Never
underestimate the power of denial.
Democratic
excuses for last Tuesday’s election disasters are pitiful. Placing blame on
President Obama’s leadership or the vagaries of mid-term elections ignores the election
of a Republican governor in Maryland, a Republican state house in Minnesota and
the near-defeat of Democratic businessman Mark Warner in Virginia. Democrats
now control fewer state legislative seats than at any time since the Civil War.
Republicans are on a long march to dominate American politics – and Democrats
are to blame.
Two statistics
are all we need to know. First, median household income in America continues to
fall. It is down 10% since 2000, with no sign or recovery.
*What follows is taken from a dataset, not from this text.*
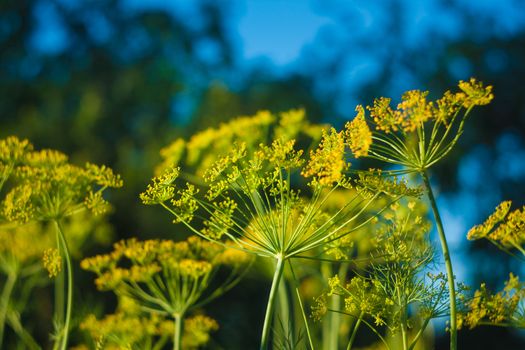 Fennel Flower On A Green Background. Flower Of Dill.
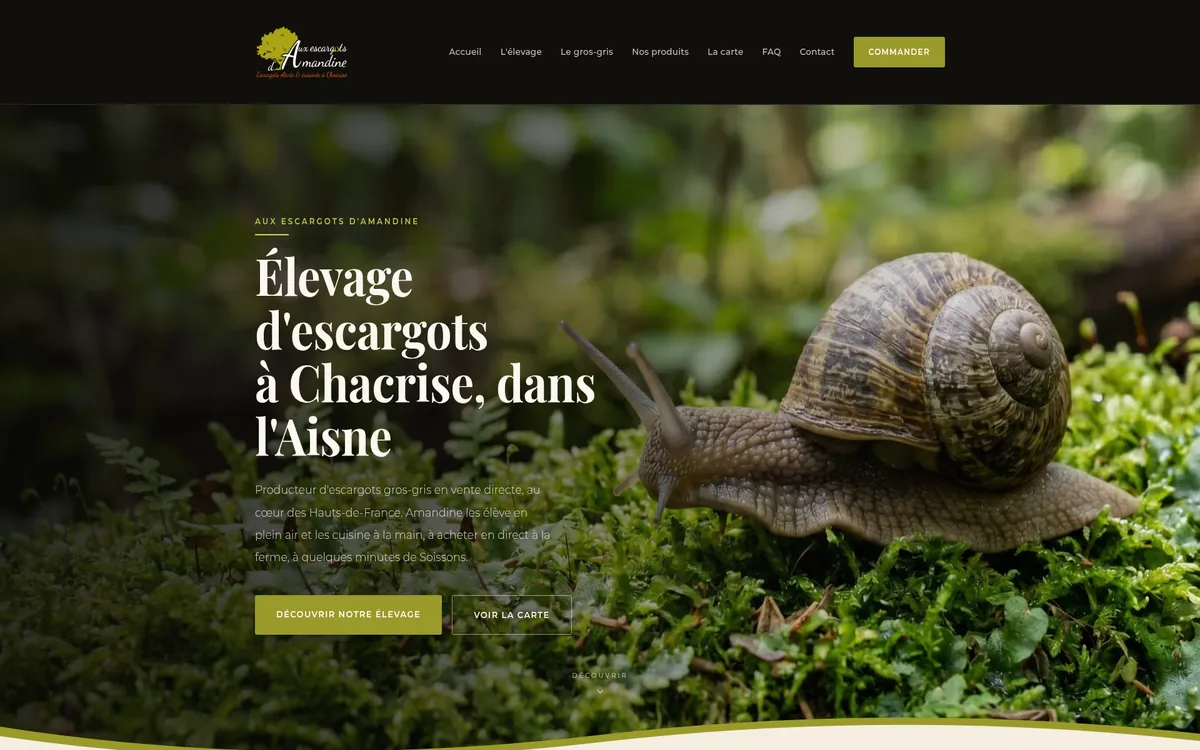 Aperçu du site escargots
Second, the employment
rate of Americans aged 18-65 is also down 10% since 2000. It also continues to
fall.
Middle-class,
working Americans live in economic turmoil. Their vision that a middle-management
career would provide a home in a good neighborhood, college tuition, vacations,
healthcare and retirement suddenly evaporated along with middle-management. Millions
of Americans, reared in the pre-planned Industrial Age, are ill-equipped to realign
their skills with the fluid expectations of the Information Age. As our economy
continues to evolve this problem will endure.
Republicans
offer a solution: less government; lower taxes. This is a terrible solution; trickle-down
economics don’t work and deregulation just gave us the Great Recession. However,
the Republican “solution” is politically preferable to the Democratic solution –
which doesn’t exist.
In the 1960s,
a common bumper sticker read, “If you’re not part of the solution, you’re part
of the problem.” Average Americans may not demand that government create jobs,
but they understand that taxes and regulation impact job creation. They
understand that one-third of the job force has given up trying to find a job.
They understand that average working Americans earn 10% less today than 15
years ago. They understand that the Democratic Party has no strategy for aligning
government action with economic growth.
The measure
of merit in political economics is not the Dow Jones Industrial Average – it is
median household income. Democrats must convey a clear and concise strategy for
middle-class driven economic growth. When the Democratic Party proves its
dedication to this standard it will regain the votes of America’s middle class.